Le prix Renaudot 2012, attribué à Scholastique Mukasonga pour son roman Notre Dame du Nil contribue à tisser le linceul de ces absents.

 
Scholastique Mukasonga, La femme aux pieds nus, Editions Gallimard, collection Folio, 2012, 176 pages. Titre précédemment paru dans la collection "Continents noirs" en 2008.

6 commentaires:

Ralphanie Mwana Kongo a dit…

Si seulement l'auteur du livre pouvait lire ce texte.. Il est si bien écrit. :-)

Non, le livre n'est pas macabre, comme tu le dis.

Et l'angoisse des premières pages (celles où la mère anxieuse, passe son temps à chercher des cachettes pour ses enfants) fait vite place à
une évocation de souvenirs plus agréables et même très drôles parfois : Les mariages, les nouvelles modes venues de la ville, le pain (aliment rare très apprécié), ...

Shcolastique, est l'une des plus belles plumes africaines que j'ai lues jusqu'ici.

Impatiente de découvrir son Renaudot.

Liss a dit…

Cette angoisse des premières pages prend vraiment le lecteur au piège, car on s'attend à ce que, malgré toutes ces précautions (inutiles) de la mère, le tragique explose, puisque c'est ce qui s'est passé : la disparition de toute la famille, or ce qui explose, ce sont plutôt les souvenirs...
Merci pour tes mots, Ralphanie.
Tu apprécieras "Notre Dame du Nil", où l'auteure montre avec beaucoup de pertinence comment la manipulation enclenche le porocessus de destruction.
Une belle plume, je partage ton avis.

Françoise a dit…

superbe ce livre,superbes tous les textes de Scholastique Mukasonga ! elle écrit avec beaucoup de pudeur, et c'est très efficace.
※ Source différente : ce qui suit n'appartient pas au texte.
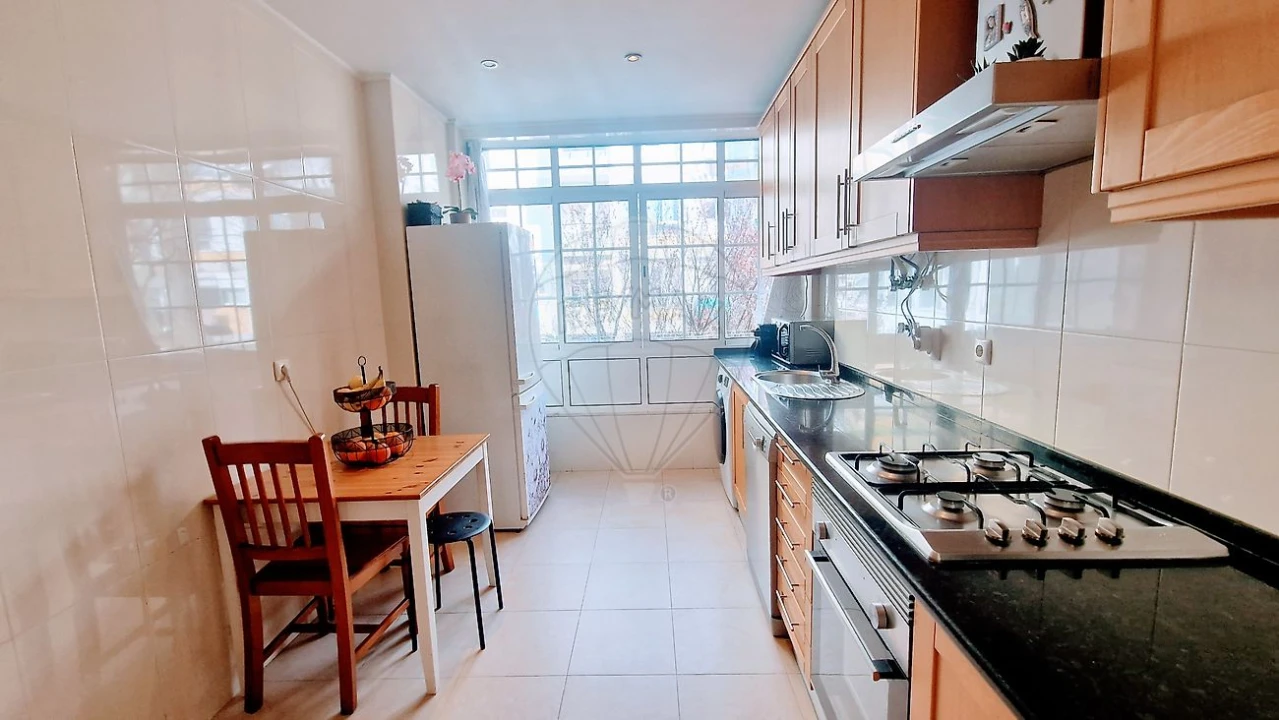 Apartamento T2 para Venda em Santa Iria de Azoia, São João da Talha e Bobadela Foto 20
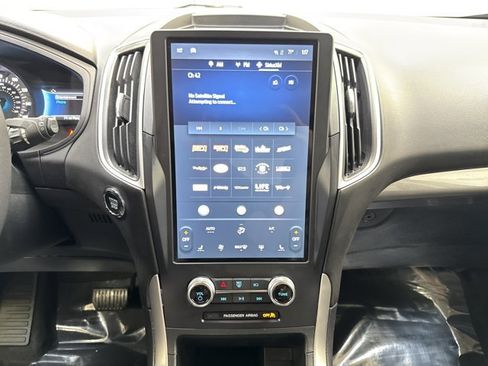 Used 2024 Ford Edge SEL image 23
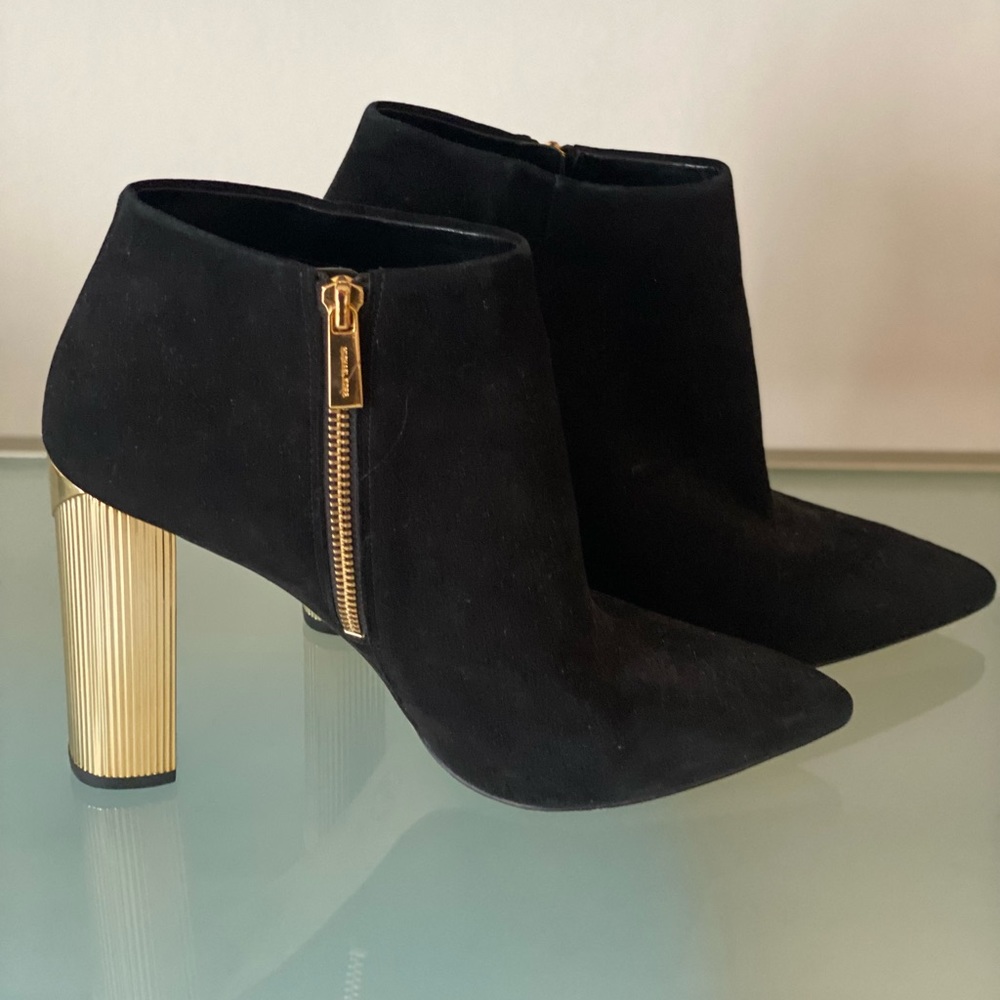 Michael Kors Heeled Boot/Booty, Black and Gold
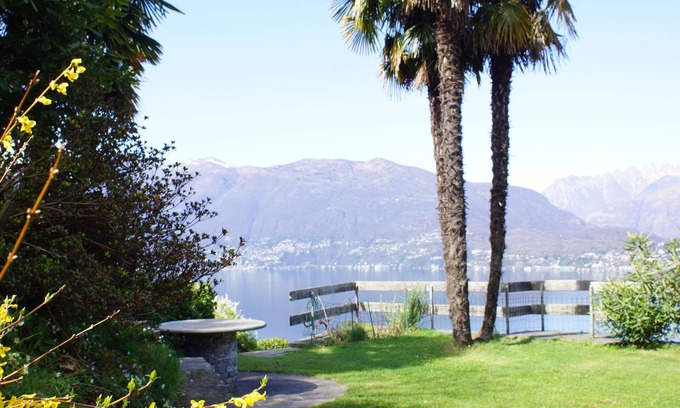 San Nazzaro Casa | Casa unifamiliar con enredaderas, palmeras y vistas de ensueño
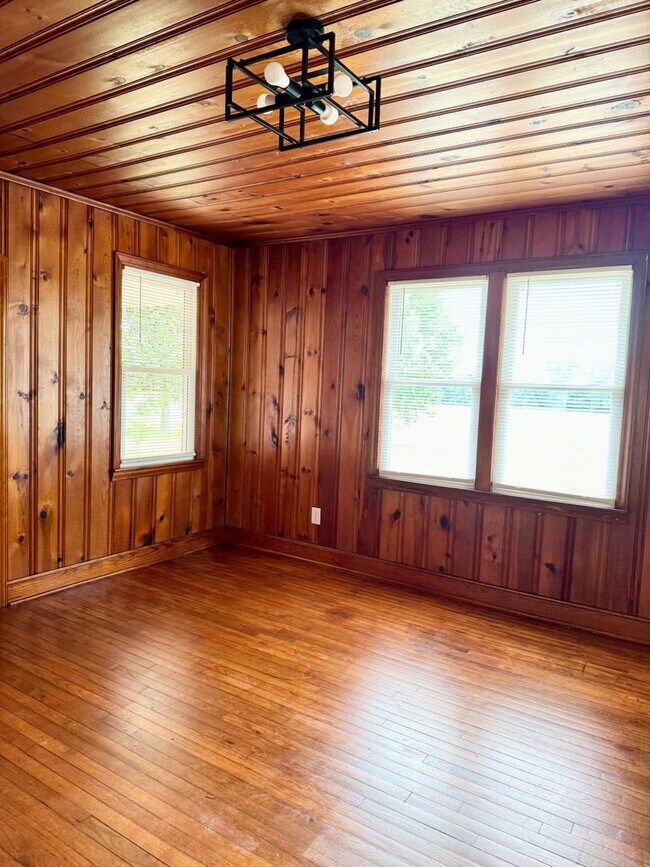 Building Photo - Move in ready! Fully Renovated with attent...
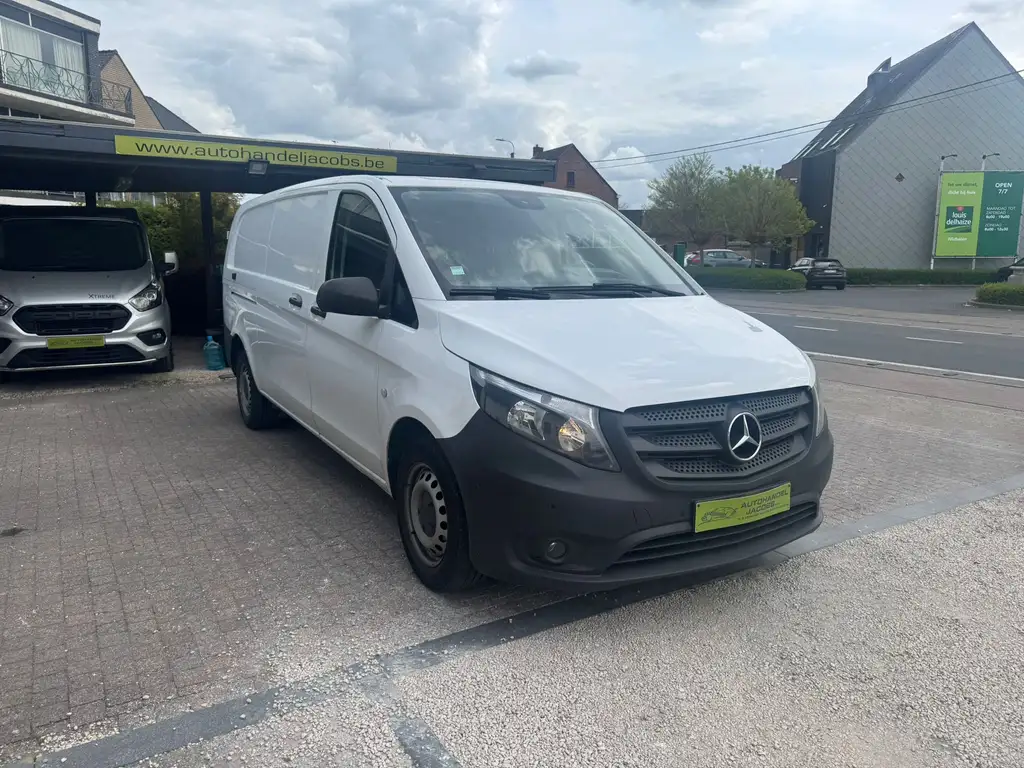 Mercedes-Benz Vito — 2.2 * 116CDI * A3 * CAMERA * GPS * 3 ZITPL * PDC *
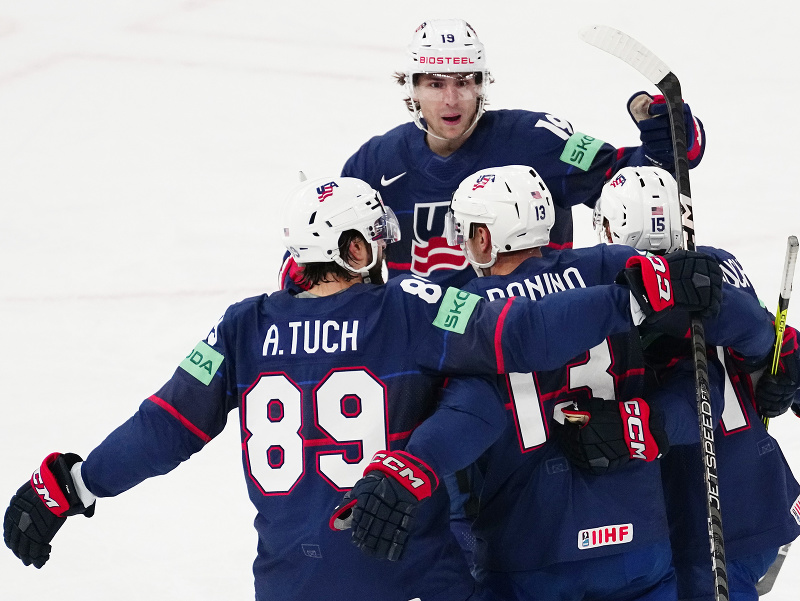 Hokejisti USA sa radujú z gólu do siete Švédska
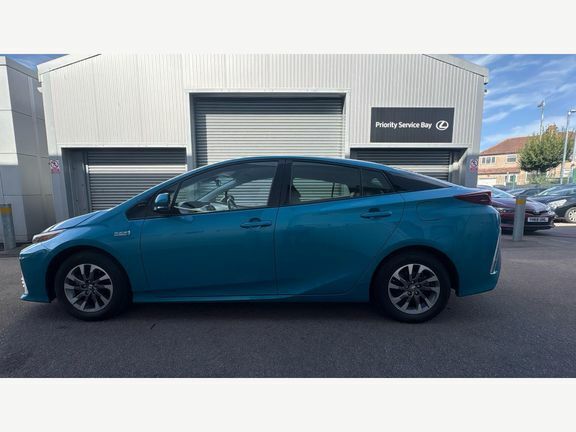 Toyota Prius+ Icon Blue #22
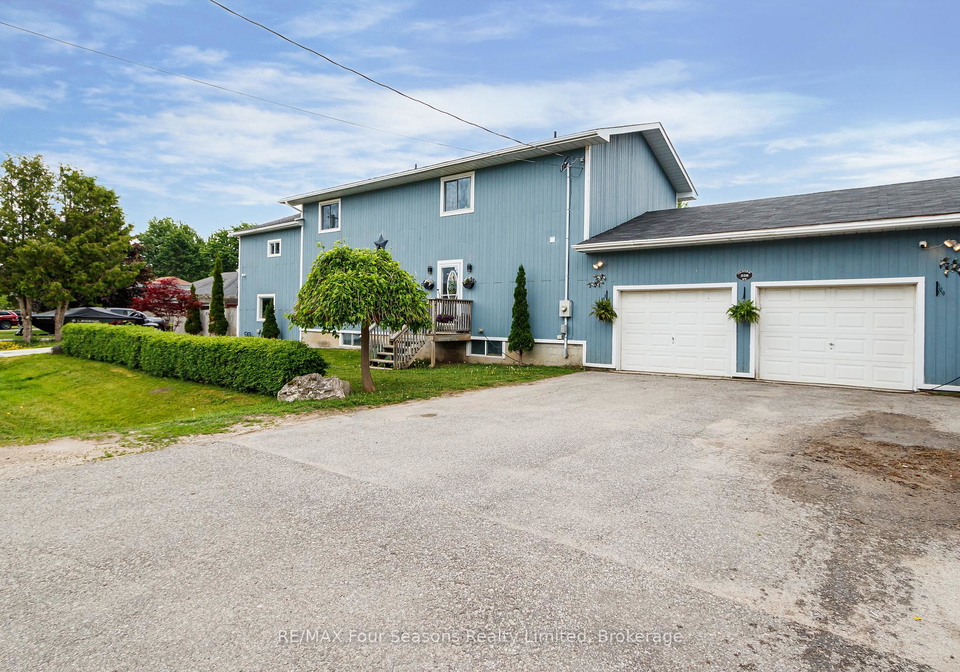 228-centre-street-clearview-ontario-s13432986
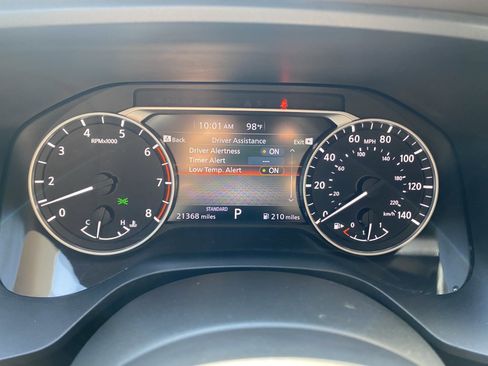 Used 2022 Nissan Rogue SV image 33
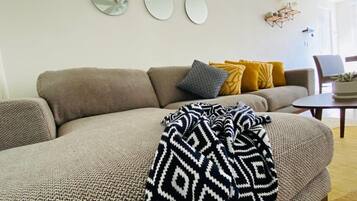 TV, Netflix, serviços de streaming, aparelho de som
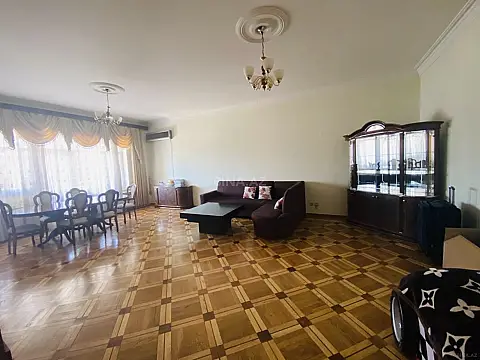 Satılır 4 otaqlı mənzil 220 m² — Bakı 4 otaq 220.00 m²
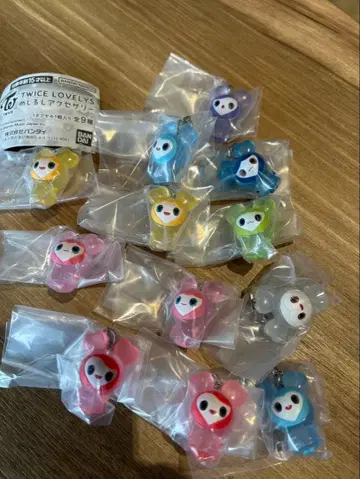 TWICE LOVELYS 메지루시 액세서리 가챠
J'ai une tendresse particulière pour ce livre là, c'est un hommage magnifique à la mère, je me souviens de ma propre émotion en le lisant. Oui, c'est une sacrée belle plume cette Scholastique, et je suis extrêmement contente qu'elle ait eu le Renaudot

Liss a dit…

ça été une telle satisfaction pour nous tous, ce Renaudot ! Beaucoup de pudeur, en effet, et les axactions subies, la douleur éprouvée n'en sont que plus vives. Une plume à suivre !

St-ralph a dit…

J'étais certain d'avoir laissé un message sur l'une de tes précédentes analyses concernant cette romancière. Je viens de me relire et je crois bien que je commencerai à la découvrir par "Notre Dame du Nil".

Quand les hommes se font la guerre, ce sont les femmes qui récoltent les blessures des âmes et des coeurs parce que ce sont les gardiennes des vies. Elles sont les mères des enfants et des hommes. Quelle responsabilité ! Les larmes d'une femme en dit plus long sur la vie de la famille, du clan, de la société.

Liss a dit…

"Quand les hommes se font la guerre, ce sont les femmes qui récoltent les blessures des âmes et des coeurs parce que ce sont les gardiennes des vies."
C'est si bien dit ! Tu étais intervenu, en effet, sur "Notre Dame du Nil". Les deux livres sont différents et je pense aussi que le roman serait une bonne porte d'entrée dans l'univers de MUKASONGA.